## Task item
Each line in the records below, from the one that contains "white back ground" to the one that contains "Jak Pola Magnetyczne", should be reproduced exactly, the first and last included.

## Materials provided
-*-
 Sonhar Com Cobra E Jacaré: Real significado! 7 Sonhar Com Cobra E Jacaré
-*-
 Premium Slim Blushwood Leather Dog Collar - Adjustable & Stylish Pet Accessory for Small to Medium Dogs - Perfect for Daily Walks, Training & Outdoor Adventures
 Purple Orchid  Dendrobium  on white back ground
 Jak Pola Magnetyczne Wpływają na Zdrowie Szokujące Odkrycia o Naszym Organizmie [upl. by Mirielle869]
-*-
## Your response
 Purple Orchid  Dendrobium  on white back ground
 Jak Pola Magnetyczne Wpływają na Zdrowie Szokujące Odkrycia o Naszym Organizmie [upl. by Mirielle869]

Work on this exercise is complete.